## Assignment
Among the lines below, keep only those from the one containing "Bata Kimono Floral" through the one containing "djm_up, transparent_hair, upper", and reproduce them exactly.

## Dataset
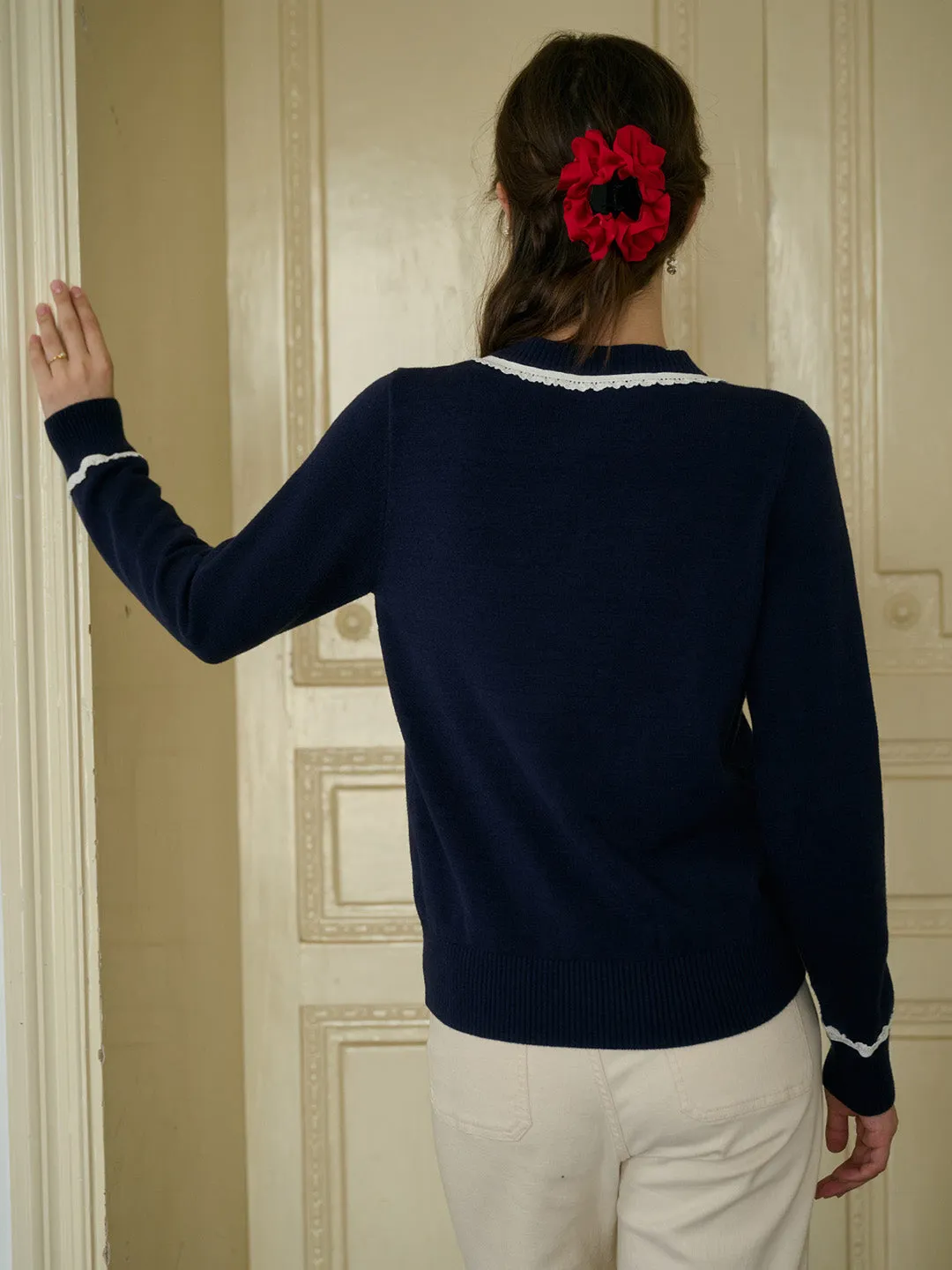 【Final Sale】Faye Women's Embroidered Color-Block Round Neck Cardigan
---
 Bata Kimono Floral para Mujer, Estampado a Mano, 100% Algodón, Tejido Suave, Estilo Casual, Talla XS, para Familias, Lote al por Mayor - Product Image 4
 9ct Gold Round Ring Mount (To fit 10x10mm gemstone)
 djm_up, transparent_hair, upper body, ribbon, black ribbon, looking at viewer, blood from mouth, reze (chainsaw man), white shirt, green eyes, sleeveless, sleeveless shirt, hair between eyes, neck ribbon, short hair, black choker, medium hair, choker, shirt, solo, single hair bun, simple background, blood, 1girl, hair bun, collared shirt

## Exercise answer
 Bata Kimono Floral para Mujer, Estampado a Mano, 100% Algodón, Tejido Suave, Estilo Casual, Talla XS, para Familias, Lote al por Mayor - Product Image 4
 9ct Gold Round Ring Mount (To fit 10x10mm gemstone)
 djm_up, transparent_hair, upper body, ribbon, black ribbon, looking at viewer, blood from mouth, reze (chainsaw man), white shirt, green eyes, sleeveless, sleeveless shirt, hair between eyes, neck ribbon, short hair, black choker, medium hair, choker, shirt, solo, single hair bun, simple background, blood, 1girl, hair bun, collared shirt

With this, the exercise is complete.